Loyalitas Tanpa Batas: Euforia Berlebihan Kelompok Suporter di Indonesia



Slogan yang sering digaungkan oleh supporter fanatik tim sepakbola yang paling dibanggakan di kota Malang ini ternyata sedikit banyak ada benar nya juga.  Dimanapun Arema bertanding, kelompok supporter ini hampir dipastikan selalu hadir di stadion untuk mendukung tim kebanggaan nya, dan siapa juga yang tidak tau reputasi supporter bola yang satu ini di Indonesia. Tapi tidak banyak yang tau reputasi mereka diluar stadion, terutama pendapat dari masyarakat umum kota Malang seperti saya yang kadang merasa terganggu oleh tindakan mereka.

Pertama yang perlu digaris bawahi, saya adalah warga asli kota Malang, saya lahir di Malang, sejak Arema masih berkandang di stadion Gajahyana saya juga sering menonton langsung di stadion. Namun semakin kesini, euforia mereka (kelompok supporter) dalam mendukung tim kebanggaan nya sudah kelewat batas menurut saya. Kelewat batas karena sudah cukup mengganggu kepentingan umum.

Beberapa tahun lalu saat Arema juara liga, pesta perayaan diadakan seminggu penuh di kota Malang (ijin dari kepolisian resort Malang  perayaan haya selama 2 hari). Setiap hari konvoy keliling kota, memacetkan jalanan, berlagak sok jagoan dengan memakan semua badan jalan, merusak dan mengintimidasi kendaraan ber plat L (Surabaya) dan D (Bandung) dan tidak mentaati tata tertib lalu lintas. Saya dari situ mulai tidak respect dengan tingkah anak-anak muda yang seperti ini. Ketika sudah bergerombol dan menggunakan atribut kebanggaan nya, rasa saling menghormati pengguna jalan yang lain seakan sudah hilang. Mereka seperti merasa paling berkuasa bak raja jalanan.

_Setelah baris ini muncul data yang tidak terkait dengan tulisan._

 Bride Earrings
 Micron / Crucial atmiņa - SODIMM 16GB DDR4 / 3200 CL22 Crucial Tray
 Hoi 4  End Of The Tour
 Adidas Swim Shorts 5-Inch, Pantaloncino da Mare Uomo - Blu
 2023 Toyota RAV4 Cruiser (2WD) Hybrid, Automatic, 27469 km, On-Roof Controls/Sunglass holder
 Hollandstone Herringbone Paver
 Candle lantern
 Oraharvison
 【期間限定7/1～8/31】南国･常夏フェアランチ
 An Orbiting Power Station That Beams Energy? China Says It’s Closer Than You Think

Malam hari ini, kejadian serupa terulang lagi di kota Malang. 11 Agustus 2013 adalah ulang tahun tim Arema yang ke 26 tahun, namun hal-hal tidak mengenakkan kembali terulang di kota ini. Sebuah Restoran terbakar habis karena ulah yang katanya oknum yang melempar kembang api dan petasan ke atap restoran yang memang terbuat dari bambu, arus lalu lintas dari Kepanjen (Kabupaten Malang) kearah kota juga macet total sampai saya terjebak disana kurang lebih 3 jam (jarak tempuh normal hanya sekitar 30 menit), belum lagi ulah para supporter yang tidak mengenakan helm dan mengacung-acungkan tongkat bendera kebanggaan nya ditengah kemacetan tersebut. Apa yang sebenar nya ada di pikiran mereka? Kebanyakan dari orang-orang ini adalah bocah dibawah umur juga. Apakah orang tua mereka bangga dengan sikap anak nya yang seperti itu?

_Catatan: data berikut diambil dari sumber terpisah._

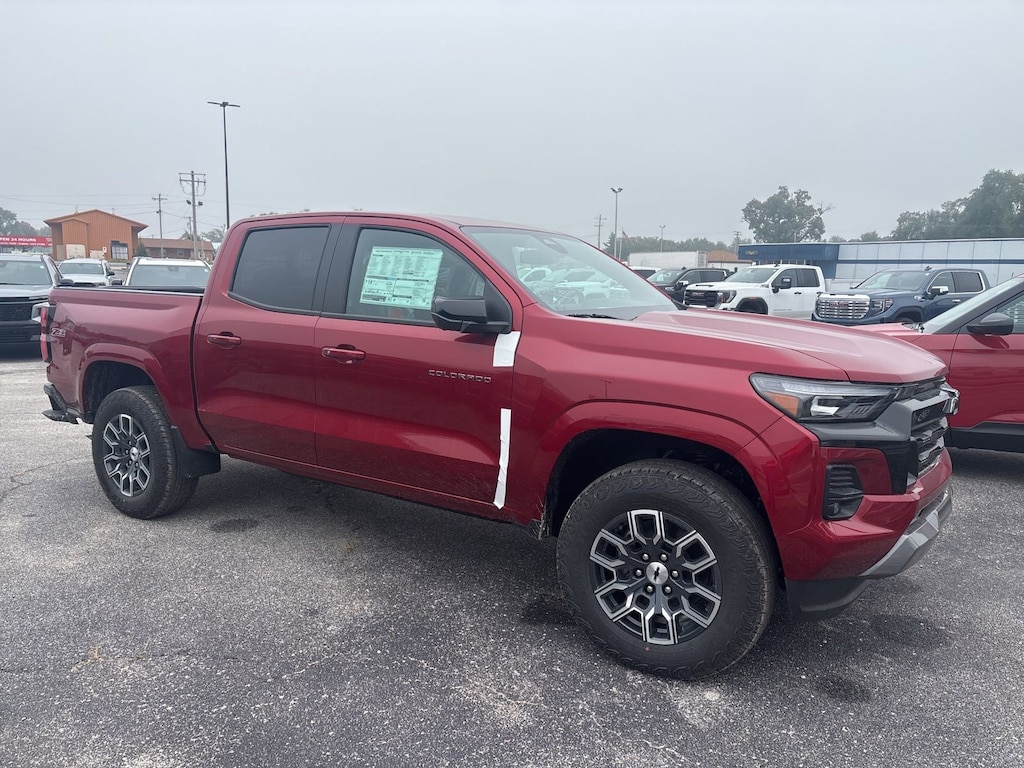 New 2026 Chevrolet Colorado Z71 Truck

Merayakan pesta ulang tahun  ataupun gelar juara tentu tidak ada salah nya, tapi ya ga usah terlalu berlebihan seperti itu. Bukannya bangga adanya malah di pisuh-pisuh i masyarakat umum mengguna jalan raya. Mungkin kelompok supporter lain yang menjadi rival dari pendukung Arema akan senang membaca tulisan ini, tapi saya tekankan tingkah kalian juga sama saja. Jack Mania (Persija) yang suka tawuran sesama supporter dan beberapa waktu lalu menghancurkan bus pemain Persib Bandung dengan batu dan bom molotov saat Persija akan menjamu Persib di GBK, Bobotoh dan Viking yang membakar Stadion Si Jalak Harupat saat tim nya tertinggal 0-1 dari Arema 2 tahun lalu, begitu juga kelompok supporter Bonek yang menghancurkan bus pemain Arema di stadion 10 November dan kerusuhan di tol Gempol dari supporter Bonek yang menghadang konvoy pendukung Arema setelah bertanding di Sidoarjo beberapa tahun yang lalu. Masih banyak contoh buruk dari supporter sepakbola lain di Indonesia yang tidak dapat saya tulis satu persatu disini, belum lagi umpatan-umpatan kasar di stadion yang harus cukup merepotkan pihak stasiun televisi untuk melakukan sensor audio saat live streaming pertandingan.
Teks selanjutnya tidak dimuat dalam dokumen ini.